As we alreaty know, using regular C++ constructs inside GPU code works like they were macro constructs. The code is unfolded and inlined inside generated SPIR-V. Therefore we can define a function like this:

vpp::Int Gcd ( const vpp::Int& _n, const vpp::Int& _k )
{
VInt x = _n;
VInt y = _k;
VInt s = 0;
VInt t = 0;
If ( x < y );
t = x; x = y; y = t;
Fi();
Do(); While ( ( ( x & 1 ) | ( y & 1 ) ) == 0 );
x >>= 1u; y >>= 1u; ++s;
Od();
Do(); While ( x != 0 );
{
Do(); While ( ( x & 1 ) == 0 );
x >>= 1u;
Od();
Do(); While ( ( y & 1 ) == 0 );
y >>= 1u;
Od();
If ( x >= y );
x = ( x - y ) >> 1u;
Else();
y = ( y - x ) >> 1u;
Fi();
}
Od();
// In macros, use plain C++ 'return'.
return y << s;
}

What will happen if we call such Gcd function from GPU code, like this?

Int p = Gcd ( a, b );
// ...

The entire Gcd code will be inlined into the caller's code and the program will behave as expected - i.e. as if the Gcd function were called.

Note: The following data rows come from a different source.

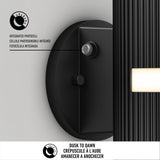 Close-up of a black outdoor light fixture showing its integrated photocell sensor. Text highlights Dusk to Dawn functionality in English, French, and Spanish, with icons and descriptions of the photocell feature.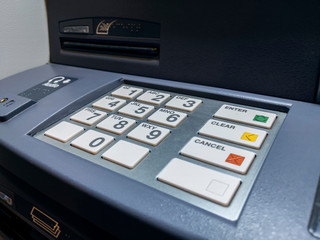 number pin pad at a bank ATM outdoors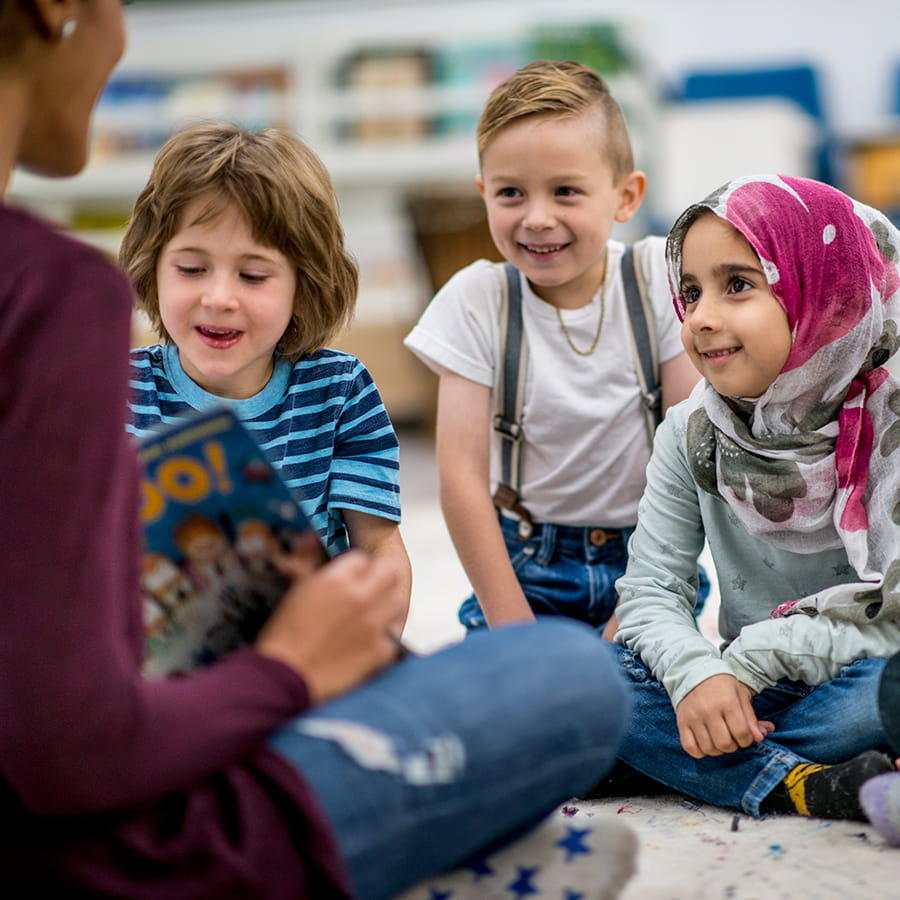 A multi-ethnic group of young school children are indoors in their classroom. Their teacher is reading a storybook to them.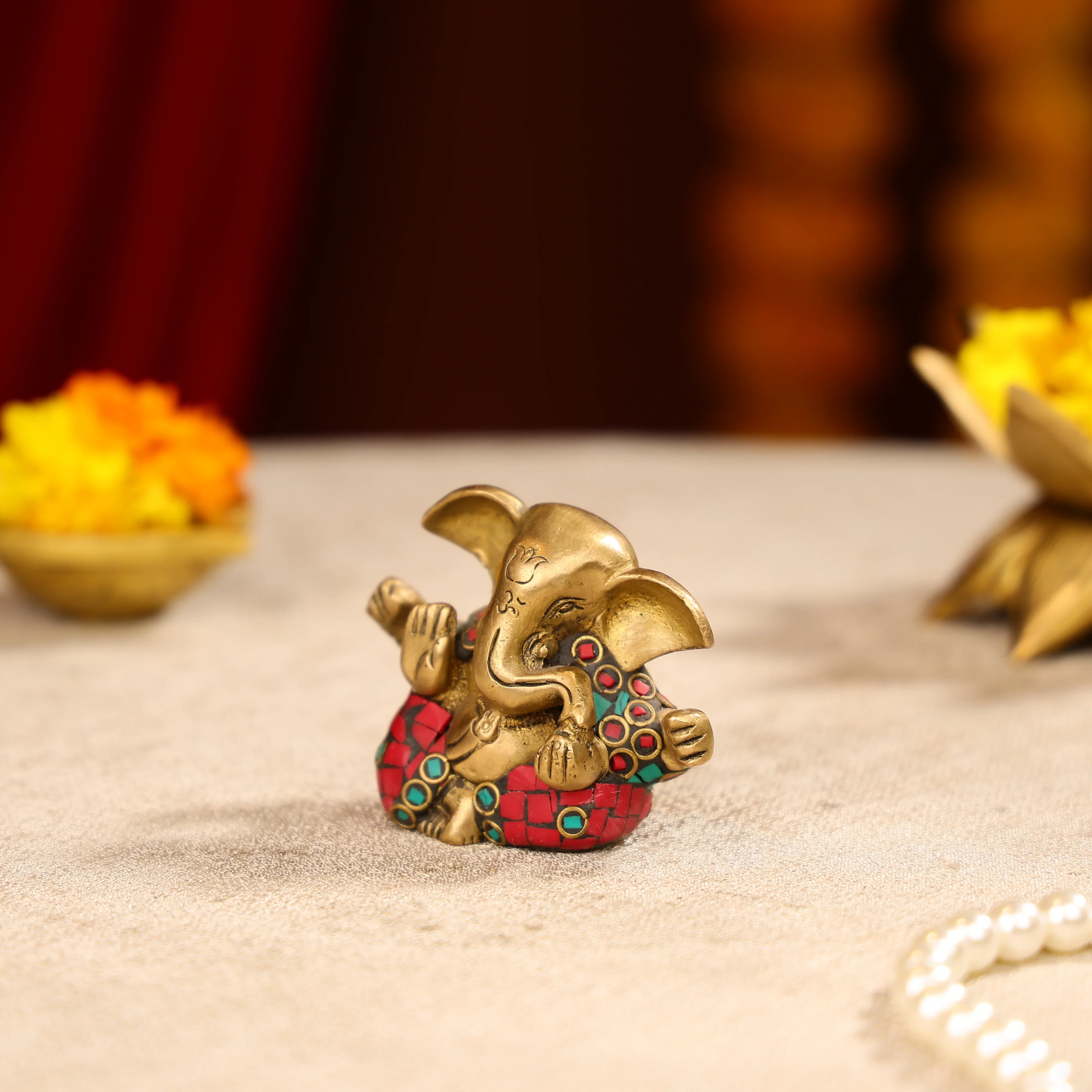 Brass Lord Ganesha Idol With Colourful Traditional Attire - Image 3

This way is very useful for small functions. The Gcd function is not a very good candidate, though. It defines several mutable variables and if being called multiple times, these variables will be declared each time. This produces excessive number of mutable variables and can hurt performance (immutable variables do not have this problem). C++ optimizer will not be able to help here. Code optimizers in drivers theoretically could, but we should not rely on this.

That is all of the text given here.